Weathering Fabric Allergies

Cooler ‘sweater weather’ means pulling out the heavy sweaters, coats, scarves, hats and gloves that have been living the back of the closet all winter. But for those with a textile allergy, the season can be anything but jolly and indeed can pose a real challenge. (My own personal heartbreak? Angora. I so adore its rich plush softness but because of its dander, I break out in the worst rash ever if I get anywhere near it.)

Contact allergy dynamics

On the skin, a contact allergic reaction can manifest itself as a rash that may or may not itch. It’s not uncommon a contact allergy to also trigger red eyes, a runny nose and sneezing fits. So what’s going on? Essentially, at the microscopic level an allergic reaction occurs when the body mistakenly identifies a particular molecule as potentially dangerous.

What makes one person allergic to something and another one not? The scientific answer is we don’t really know.

The other thing that is particularly tricky about allergies is that they can develop later in life and for no apparent reason. I have a patient who had no problems with wool until she was in her thirties. Now, even being in the vicinity of Merino turns her into an itchy, squirming mass of misery. Why now? Wait for it . . . we don’t really know.

The fiber

Wherever there’s a fiber derived from wool – whether it be sheep’s wool, cashmere, camel’s hair or alpaca – the potential for a contact allergy exists for those sensitive to lanolin, which is produced by the animals’ sebaceous glands. Ironically, for those who can tolerate it, lanolin has been a popular and highly effective moisturizer that’s been used for centuries.

Silk allergies are quite rare so generally it’s safe for most people. Though also rare, allergies to plant-based fibers like cotton or linen can also occur. But if these are causing a reaction chances are it’s not the fiber itself that’s the culprit.

The finishes

What complicates the picture is that more often than not it’s not the fiber itself causing the reaction but the dyes, finishes or preservatives used in processing that can cause disruption and eruption in those who are sensitive. And despite the ecological and sustainability movements, these chemicals aren’t going away any time soon.

One example of good intentions gone horribly wrong in fabric finishes is the use of flame- retardants in children’s pajamas, bedding and plush toys. Many of these have been outlawed but it’s been a vigorous battle that’s not over yet. Not only can flame retardants – the most common of which is Chlorinated Tris – trigger contact dermatitis but can be so toxic that their connections to cancer, learning disabilities and fertility problems later in life are very real. These are the last thing you’d want anywhere near your kids.

Vintage news

Vintage clothing is becoming increasingly popular but can also pose some allergic challenges for the skin sensitive. Old fabrics and furs that have not been cleaned properly or not been stored in a dust-free garment bag can harbor years’ worth of dust and dander that can really raise a rash. Anything that’s been in mothballs can kick up a pretty serious allergy too. So if you buy anything recycled, get it cleaned properly before wearing just to be safe.

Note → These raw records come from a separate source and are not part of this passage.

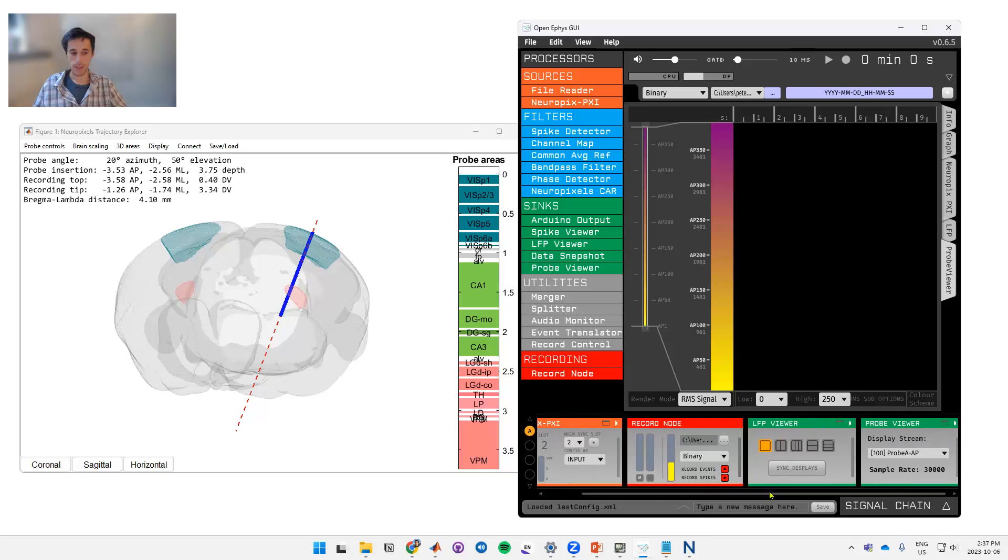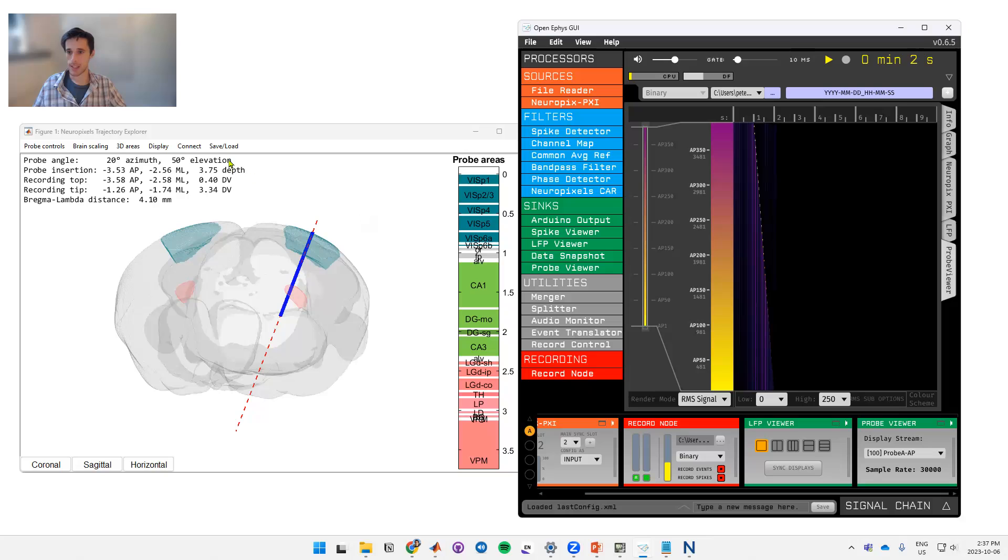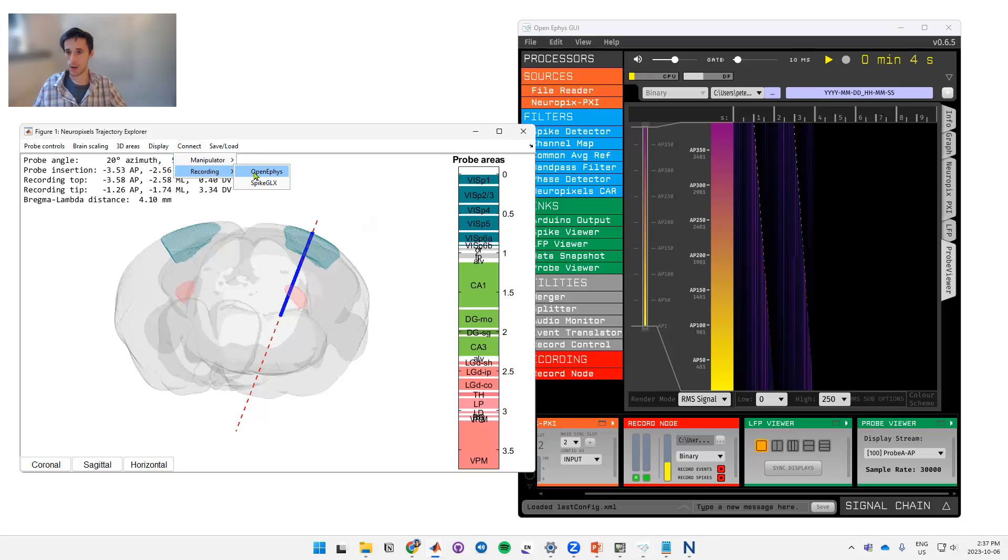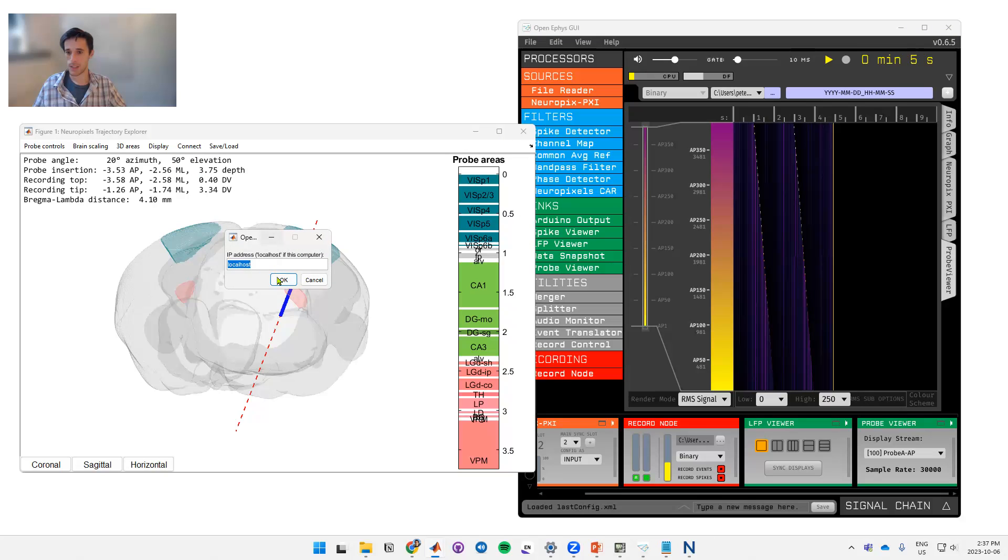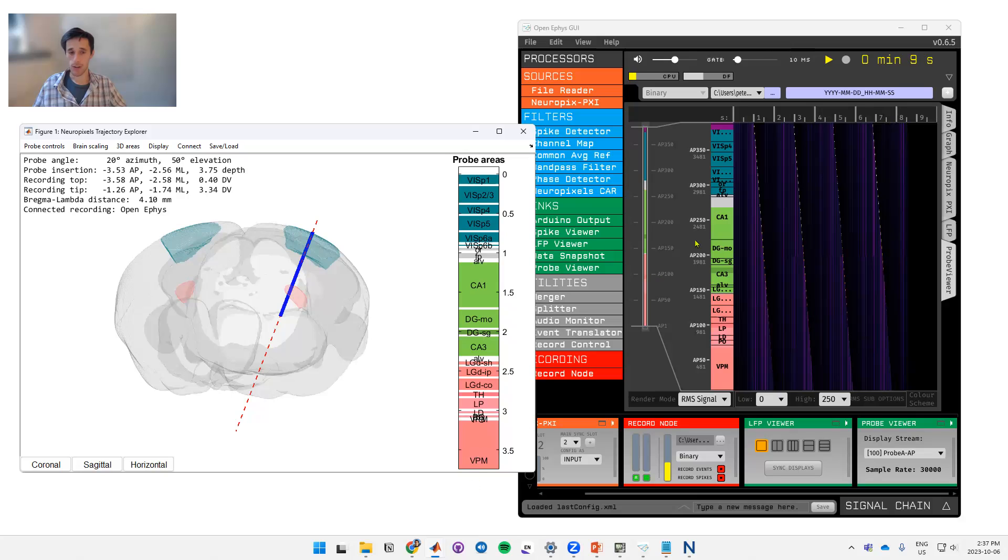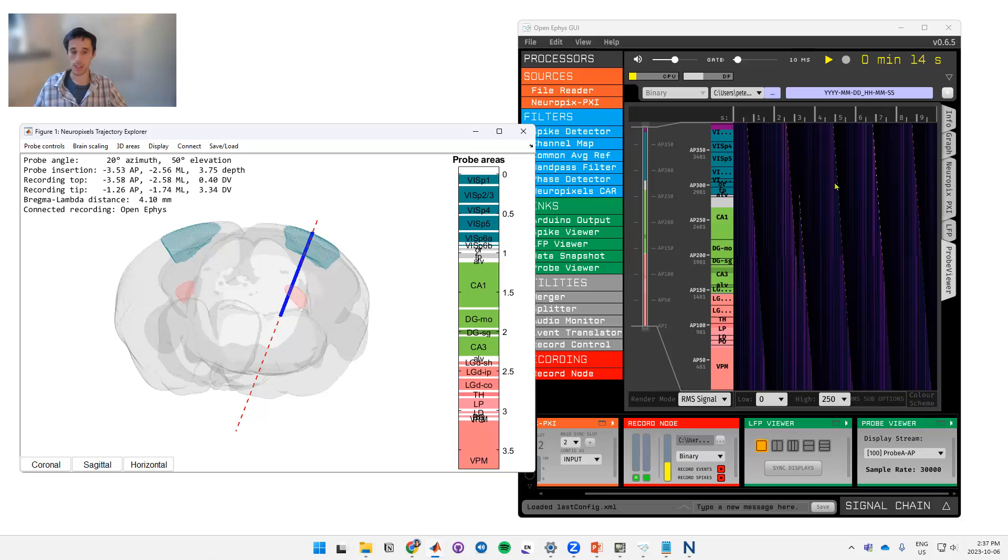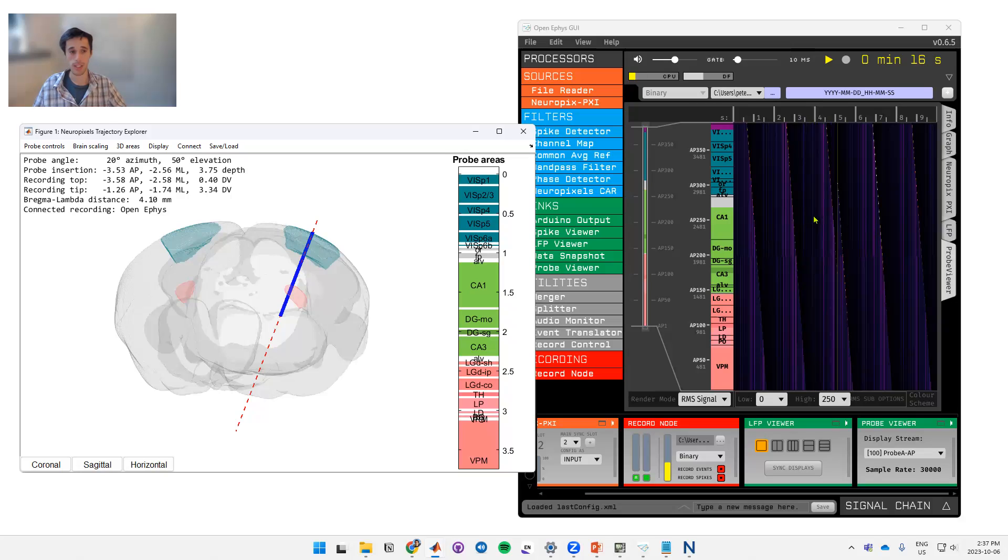So OpenEphys shows these areas through the probe viewer. Let's say I'm doing my recording, looks something like this. If I connect to OpenEphys, now the trajectory explorer is going to send these areas to probe viewer so that you can see where you are and compare that to the responses you're getting and check whether they're what's expected.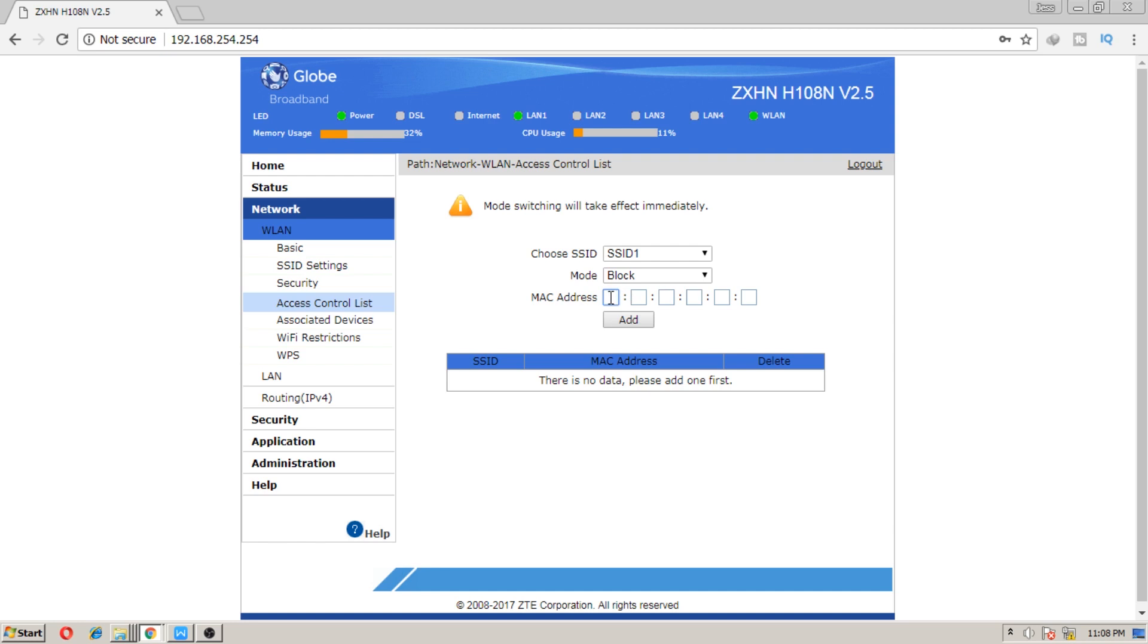Now in these boxes is where you will enter the MAC address of the one you want to block. In this process, after you have entered the device's MAC address that you want to block, after clicking add, it will take effect immediately.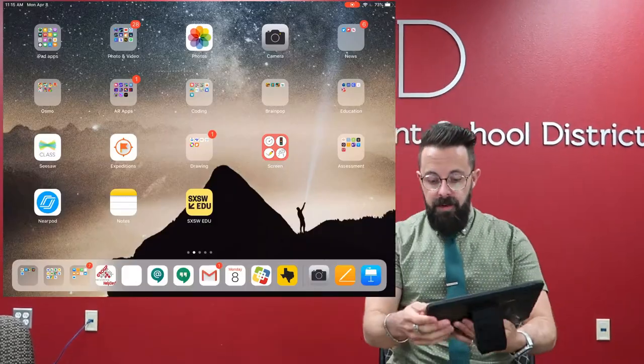Welcome back to the LCISD Digital Learning Channel. Today I'm going to show you a quick tip on how to use presenter notes inside of Keynote to allow kids to know what they need to be doing and work at their own pace. So let's jump right in.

Eco-friendly solvents that progressive dry cleaners are offering now react no differently from the older, more polluting ones as far as the skin or allergies are concerned. But my feeling is that if you can take the eco-option, it’s the better way to go because we’re all in this environment together.


If you have multiple sensitivities that are seriously interfering with your life, then it’s time to come in for a T.R.U.E. (Thin-Layer Rapid Use Epicutaneous) Patch Test. These are grid-like panels performed on a patient’s back that test for several of the most common allergens at once so you can pinpoint once and for all what’s bothering you. The organization’s website is an invaluable resource for the allergy-prone and well worth a look.

Contact allergies happen but they don’t have to bother your skin.